REQUIRED ACTION:
Would you please copy the part of the material below that opens with the line containing "ЭТО ПРИЗНАНИЕ ТВОИХ" and closes with the line containing "ЭМОЦИИ И ДРАЙВ"? Copy it exactly, and only it.

RECORD SET:
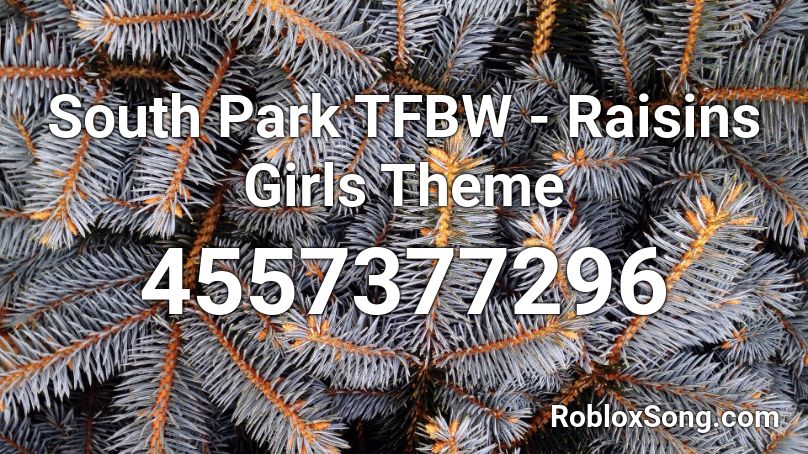 South Park TFBW - Raisins Girls Theme Roblox ID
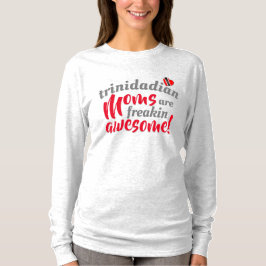 Trinidadiska mammor är fantastiska t shirt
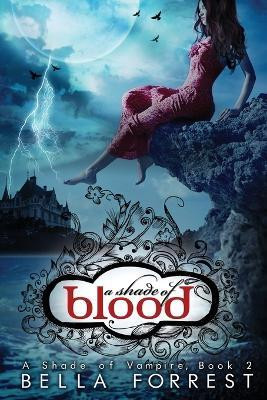 A Shade of Blood(English, Paperback, Forrest Bella)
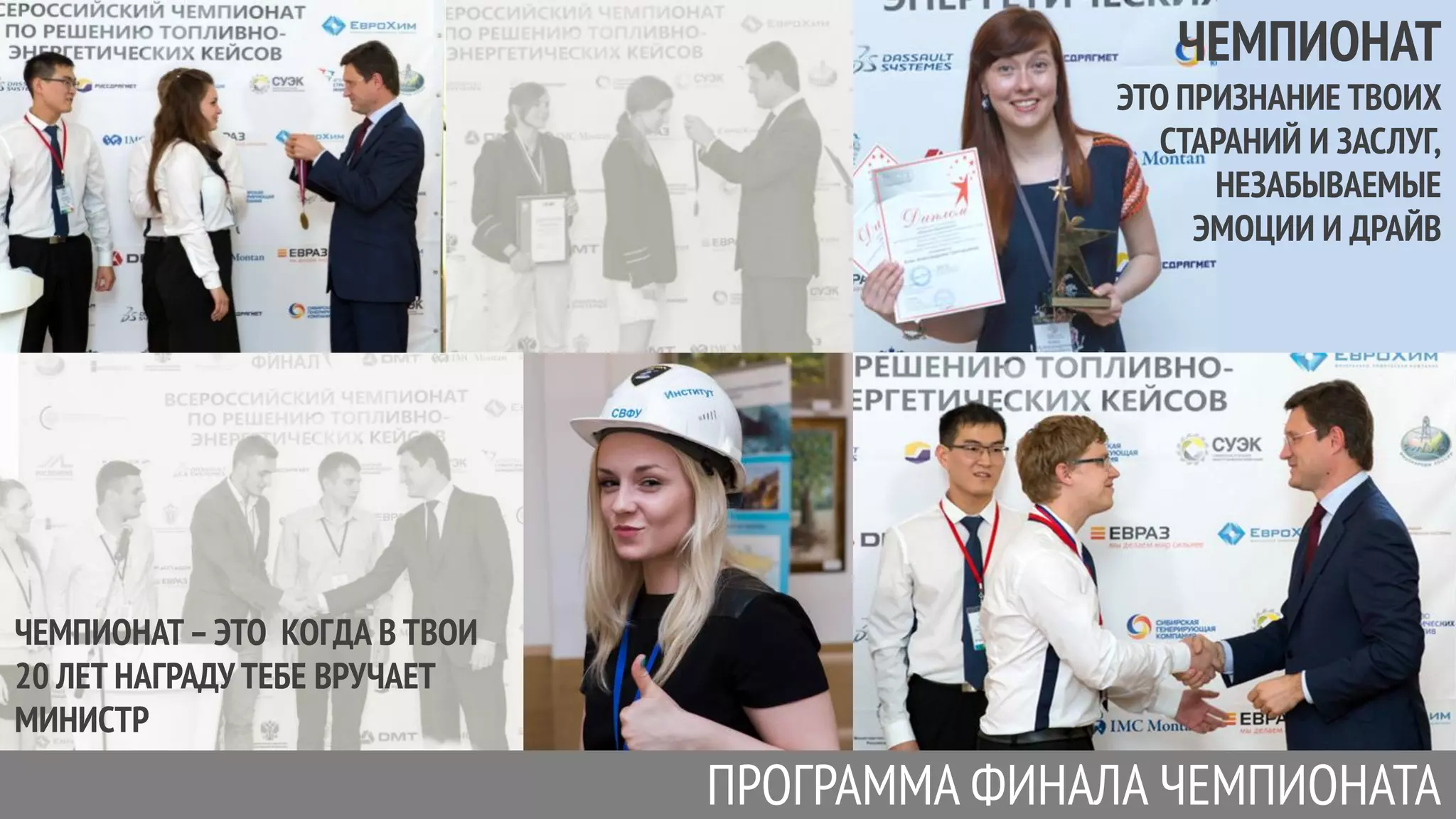 ПРОГРАММА ФИНАЛА ЧЕМПИОНАТА
ЧЕМПИОНАТ–ЭТО КОГДА В ТВОИ
20 ЛЕТ НАГРАДУ ТЕБЕ ВРУЧАЕТ
МИНИСТР
ЧЕМПИОНАТ
ЭТО ПРИЗНАНИЕ ТВОИХ
СТАРАНИЙ И ЗАСЛУГ,
НЕЗАБЫВАЕМЫЕ
ЭМОЦИИ И ДРАЙВ
 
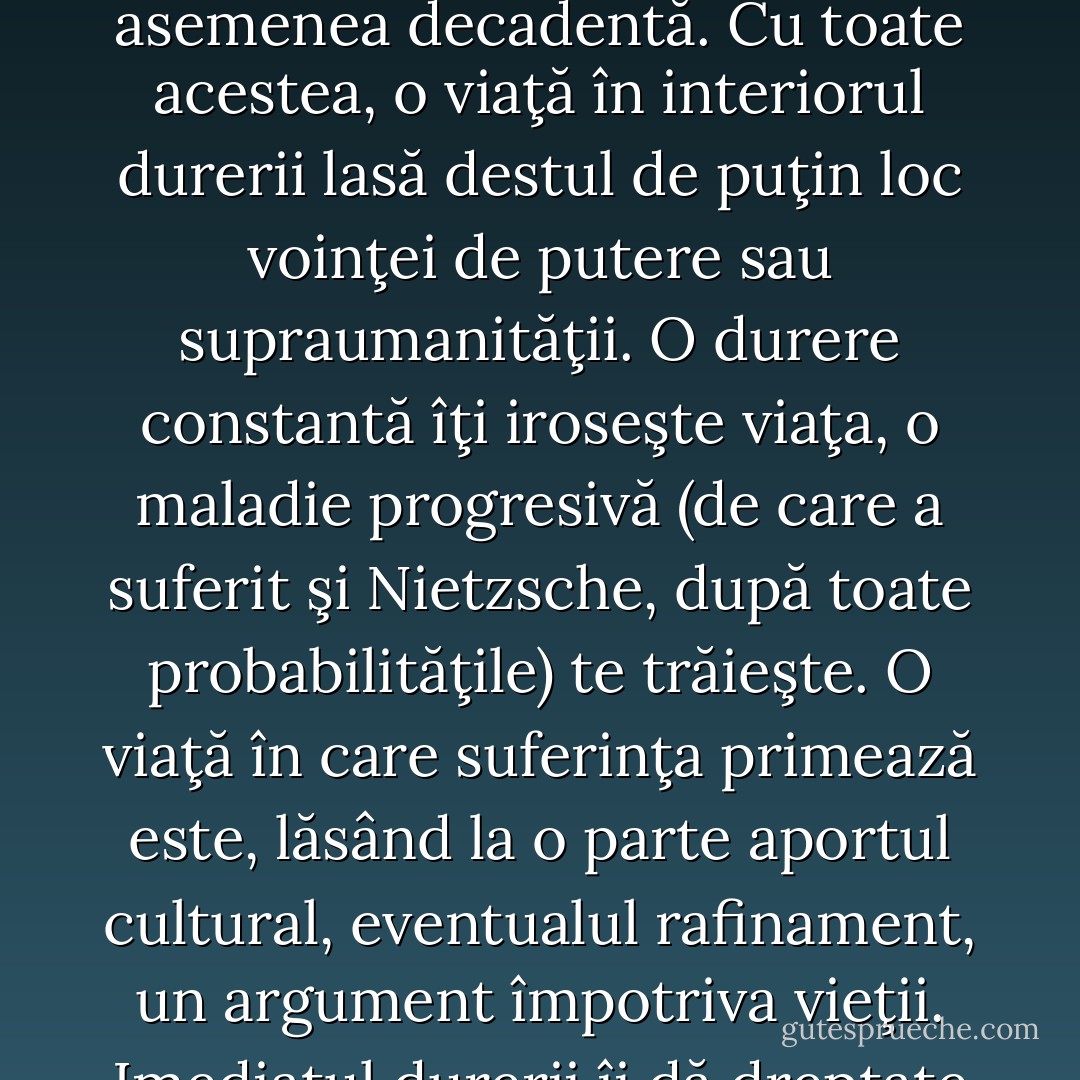 [...] De ce respinge Nietzsche acest principiu al durerii? Nu doar pentru că deontologia voinţei de putere trebuie să suplinească metafizca durerii – voinţa de putere fiind, astfel, mai universală şi mai caracteristic umană, ceea ce este deja discutabil. Ci pentru că o viaţă orientată spre durere, spre lipsa de sens şi de scop, care sunt descrise de Schopenhauer şi care revin în existenţialism ar contrazice efectiv teza eternei reîntoarceri. Marea afirmaţie, sentimentul că poţi să-ţi trăieşti de un număr infinit de ori, fără a schimba nimic în ea, este anulată de constanta experienţă a durerii, care ar transforma eterna reîntoarcere într-o pedeapsă infinită şi într-un infern mai impresionant decât cel din descripţia lui Dante. Desigur, eterna reîntoarcere presupune o devenire interioară, care ajută individul să-şi transforme viaţa în opera de artă, ce merită reiterată la infinit. Dar individul este lipsit de putere atâta timp cât durerea este principiul suprem. Deci Nietzsche trebuie să respingă teza durerii, pentru care avea afinitate psihologică, ca să facă loc ideilor sale principale. O filosofie care explică totul prin durere – pesimismul – merge împotriva vieţii. Filozofia prin care suntem învăţaţi să evităm programatic durerea – hedonismul – este, de asemenea decadentă. Cu toate acestea, o viaţă în interiorul durerii lasă destul de puţin loc voinţei de putere sau supraumanităţii. O durere constantă îţi iroseşte viaţa, o maladie progresivă (de care a suferit şi Nietzsche, după toate probabilităţile) te trăieşte. O viaţă în care suferinţa primează este, lăsând la o parte aportul cultural, eventualul rafinament, un argument împotriva vieţii. Imediatul durerii îi dă dreptate lui Schopenhauer – durerea nu poate fi un «obstacol» atunci când te paralizează. Nu doar imediatul durerii vorbeşte împotriva lui Nietzsche, ci şi o oarecare valoare imuabilă a durerii: faptul că se hrăneşte din sine însuşi, se autoalimentează, asemenea focului din iad care nu poate fi stins, descris de mistici. Concluzionând, durerea este un principiu la fel de esenţial ca voinţa de putere. Voinţa de putere acoperă un complex de idei şi manifestări, prin<br />care este evidenţiat proiectul unei construiri existenţiale, iar durerea pune în chestiune însăşi utilitatea şi sensul existenţei. In plus, durerea este cel mai un perfecţionist artist: ea şlefuieşte, taie în carne vie, ordonează, articulează – în aşa fel încât ceea ce este profund îi datorează existenţa. Întrebarea utilitaristă, pe care Nietzsche ar respinge-o ca patologică, este dacă frumuseţea şi profunzimea îşi merită preţul şi dacă nu, atunci mai bine ele nu ar fi existat. Cred că această chestiune trebuie filtrată prin filtrul propriei noastre individualităţi, pentru a da fiecare răspunsul. Simplificând, conflictul este similar dualităţii dintre ignoranţă tihnită şi inteligenţă anxioasă. Avem aici un posibil răspuns prin dialectica dintre ultimul om şi supraom. - Ştefan Bolea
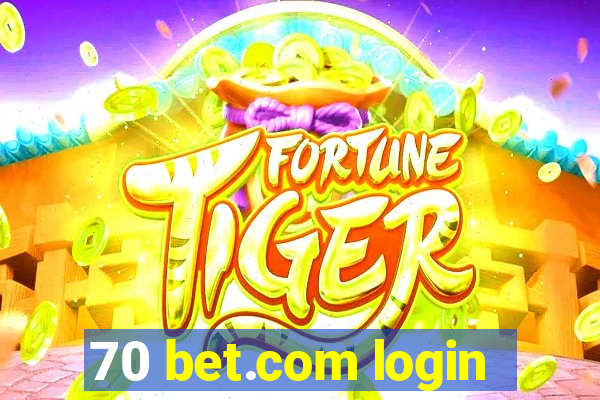 70 bet.com login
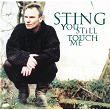 You Still Touch Me | Sting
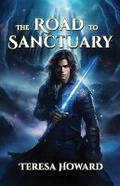 Cover: The Road to Sanctuary - Worldcastle Publishing, LLC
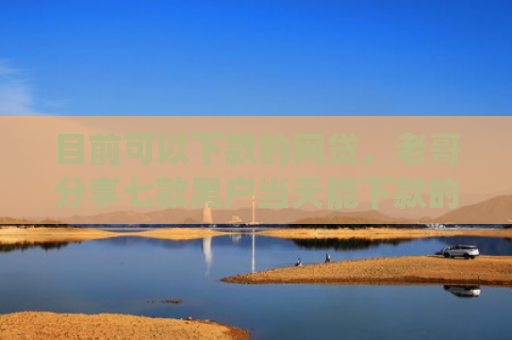 目前可以下款的网贷，老哥分享七款黑户当天能下款的app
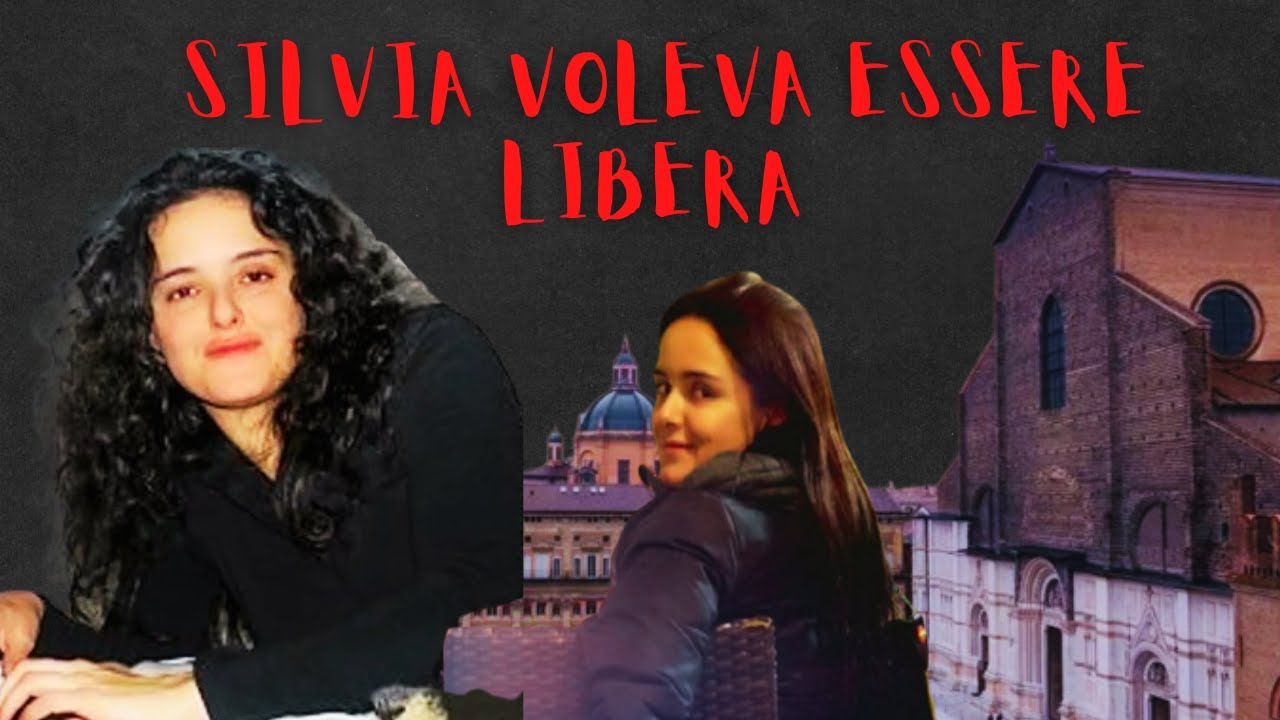 SILVIA VOLEVA ESSERE LIBERA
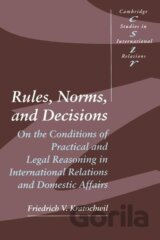 Rules, Norms, and Decisions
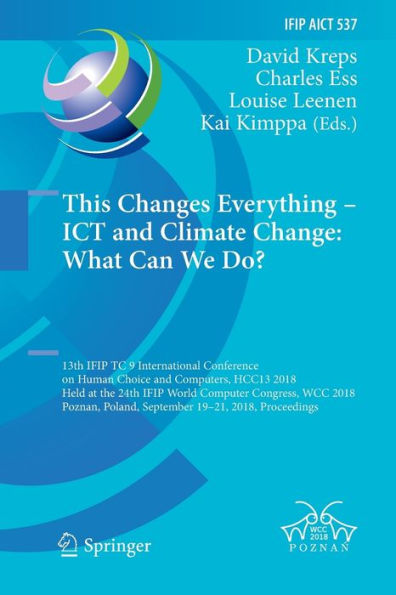 This Changes Everything - ICT and Climate Change: What Can We Do?: 13th IFIP TC 9 International Conference on Human Choice and Computers, HCC13 2018, Held at the 24th IFIP World Computer Congress, WCC 2018, Poznan, Poland, September 19-21, 2018, Proceedin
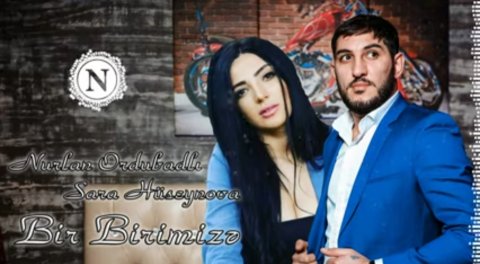 Nurlan Ordubadli & Sara Huseynova - Bir Birimize 2020 (Yeni)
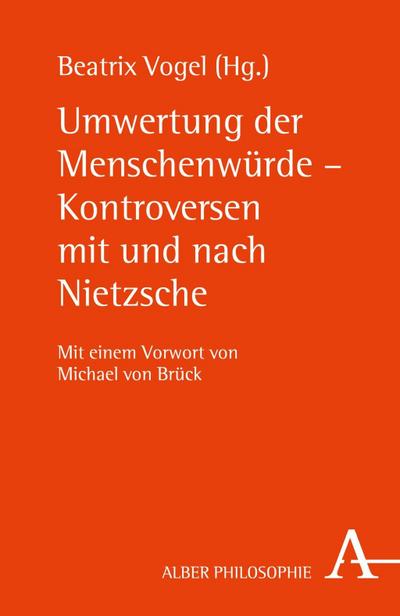 Umwertung der Menschenwürde - Kontroversen mit und nach Nietzsche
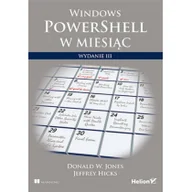 Podstawy obsługi komputera - JONES DONALD W., HICKS JEFFREY WINDOWS POWERSHELL W MIESIĄC WYD. 3 - miniaturka - grafika 1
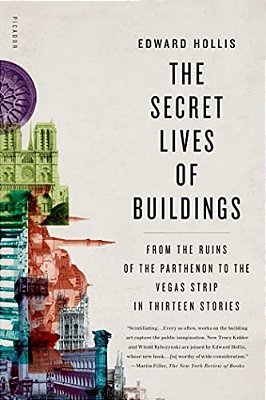The Secret Lives Of Buildings: From The Ruins Of The Parthenon To The Vegas Strip In Thirteen Stories-..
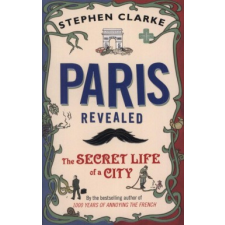 Stephen Clarke Paris Revealed utazás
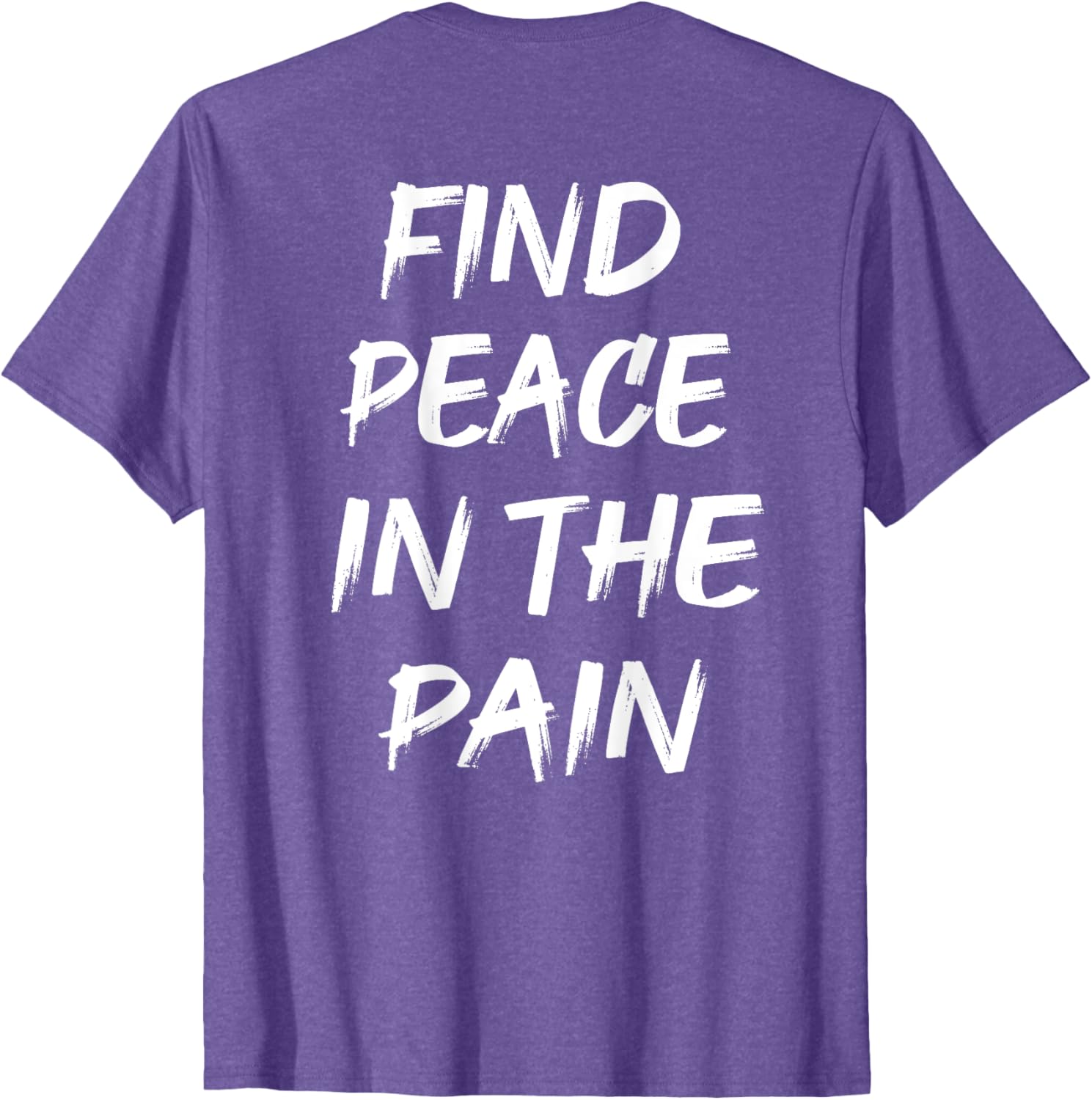 Find Peace In The Pain T-Shirt for Comfort and Style in Everyday Wear - 4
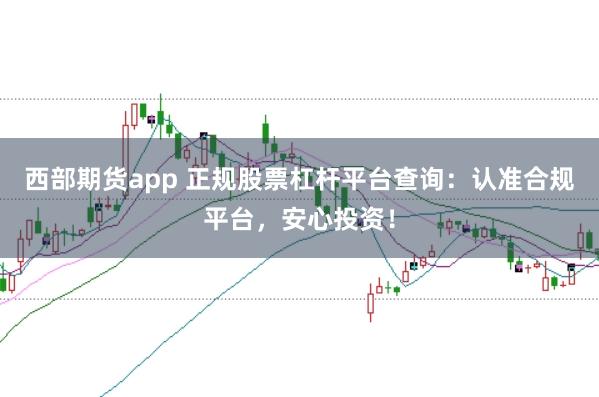 西部期货app 正规股票杠杆平台查询：认准合规平台，安心投资！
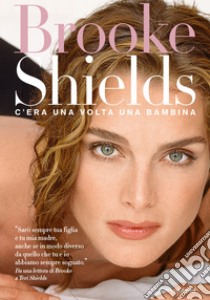 C'era una volta una bambina. E-book. Formato EPUB ebook di Brooke Shields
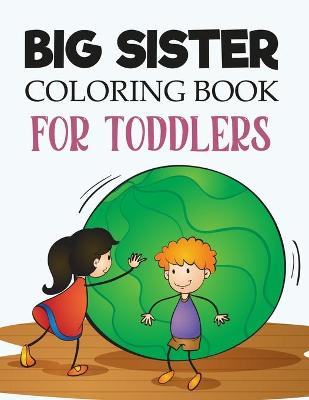 Book cover for Big Sister Coloring Book For Toddlers
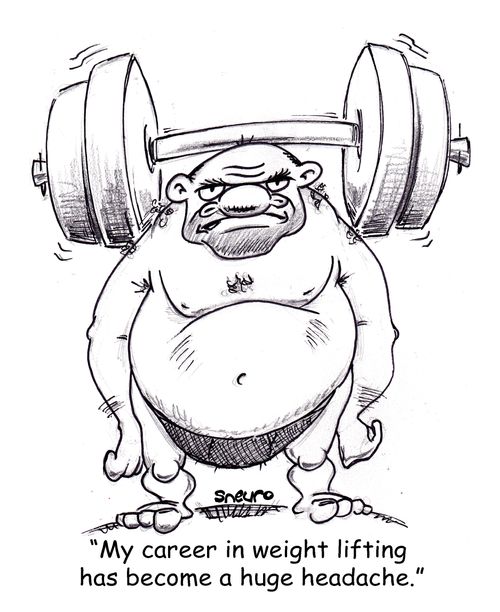 "My career in weight lifting has become a huge headache."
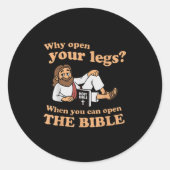 Groovy Jesus Why Open Your Legs When You Can Open Ronde Sticker (Voorkant)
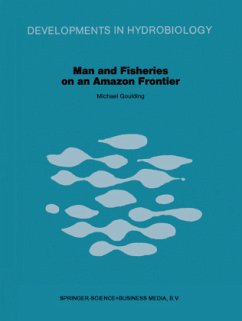 Man and Fisheries on an Amazon Frontier - Goulding, M.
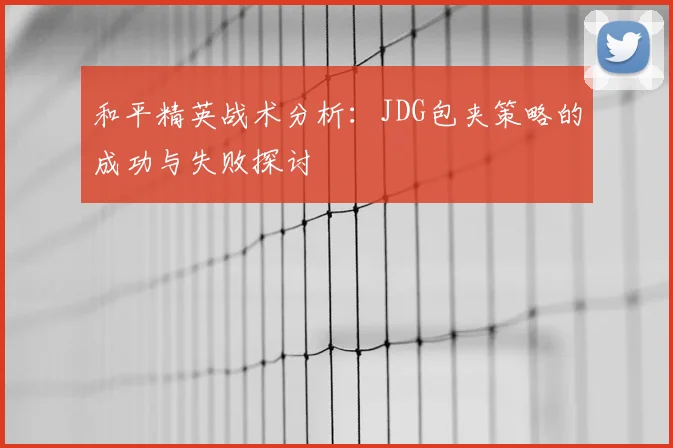 和平精英战术分析：JDG包夹策略的成功与失败探讨
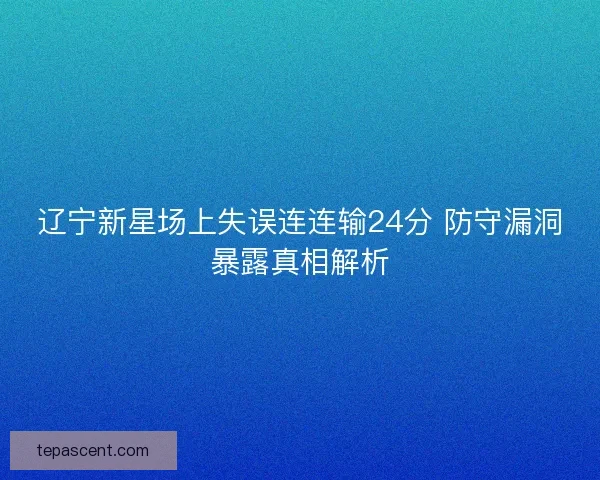 辽宁新星场上失误连连输24分 防守漏洞暴露真相解析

RESULT FOR THIS TASK:
ЭТО ПРИЗНАНИЕ ТВОИХ
СТАРАНИЙ И ЗАСЛУГ,
НЕЗАБЫВАЕМЫЕ
ЭМОЦИИ И ДРАЙВ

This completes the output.